I've written this plenty of times in the past but the collapse of an ars perfecta and centuries of incremental evolution within short-form styles is something we've seen in the West already. If anything that gives me reason to wonder whether Borstlap's conception of the musical history of the West is too stunted. Surely he knows all these things I've just alluded to, and if he does then perhaps he can appreciate that just as the demise of ars perfecta did not lead straightaway to J. S. Bach there's no reason to think that the peak and decline of a comparable ars perfecta in the Germanic symphonic idiom really means that "classical music" as a discipline is actually dying.
But that's worth pondering because the ars perfecta known by that name was a vocal art--the symphony may have become an ars perfecta that is not fiscally sustainable or socially sustainable for reasons that may not be so different from the reasons choral music became less dominant in the West. It's not that it vanished choral music might make a return--it's that musical literacy and idiomatic practices and theorizing migrated from one performance practice to another. If for a keyboardist the fugue is old fashioned for a guitarist the fugue is arguably at the outer limits of avant garde experimentation, and perhaps even to this day still a way of writing for the instrument that is considered physically impossible or at the outermost limits of what a person can be expected to do with the guitar.
So, on the whole, I'm grateful Borstlap took aim at Steiner's book because, now that I've read it, I thought it was a thought-provoking read.
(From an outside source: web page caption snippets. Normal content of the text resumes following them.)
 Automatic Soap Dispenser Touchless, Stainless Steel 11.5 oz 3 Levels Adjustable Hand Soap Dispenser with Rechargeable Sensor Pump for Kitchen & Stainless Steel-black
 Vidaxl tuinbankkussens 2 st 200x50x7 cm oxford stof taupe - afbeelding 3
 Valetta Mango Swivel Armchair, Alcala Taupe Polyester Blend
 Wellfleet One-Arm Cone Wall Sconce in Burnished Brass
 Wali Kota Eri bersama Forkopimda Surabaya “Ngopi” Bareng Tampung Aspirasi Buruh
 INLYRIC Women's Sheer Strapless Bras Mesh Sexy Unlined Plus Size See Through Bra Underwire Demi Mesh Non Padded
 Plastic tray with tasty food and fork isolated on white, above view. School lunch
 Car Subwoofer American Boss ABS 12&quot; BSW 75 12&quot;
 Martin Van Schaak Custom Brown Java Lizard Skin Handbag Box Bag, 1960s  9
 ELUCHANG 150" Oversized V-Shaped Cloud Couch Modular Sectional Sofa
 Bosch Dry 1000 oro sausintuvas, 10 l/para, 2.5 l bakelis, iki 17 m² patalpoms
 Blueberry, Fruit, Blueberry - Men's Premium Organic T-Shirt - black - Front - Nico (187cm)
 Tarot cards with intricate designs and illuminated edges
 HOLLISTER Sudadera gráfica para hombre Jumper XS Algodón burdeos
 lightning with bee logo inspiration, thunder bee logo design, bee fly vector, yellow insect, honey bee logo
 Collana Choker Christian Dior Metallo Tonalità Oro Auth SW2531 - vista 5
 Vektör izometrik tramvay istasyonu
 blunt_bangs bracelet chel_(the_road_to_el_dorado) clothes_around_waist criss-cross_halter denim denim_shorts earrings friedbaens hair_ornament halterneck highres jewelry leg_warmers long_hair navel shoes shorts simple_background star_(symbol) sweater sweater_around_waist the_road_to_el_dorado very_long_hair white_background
I think Borstlap may have completely missed Steiner's point about how the Holocaust can be seen as a culmination of the tensions between the monotheistic and pagan traditions within the West. That's a pretty severe failure to get what Steiner was actually arguing and if Borstlap isn't educated in or interested in discussions and debates about religious thought then all of Steiner's talk about how the millenarian utopianism in 19th century European thought was going to lead to the creation of Heaven or, if that were impossible, refining Hell, would be lost on Borstlap.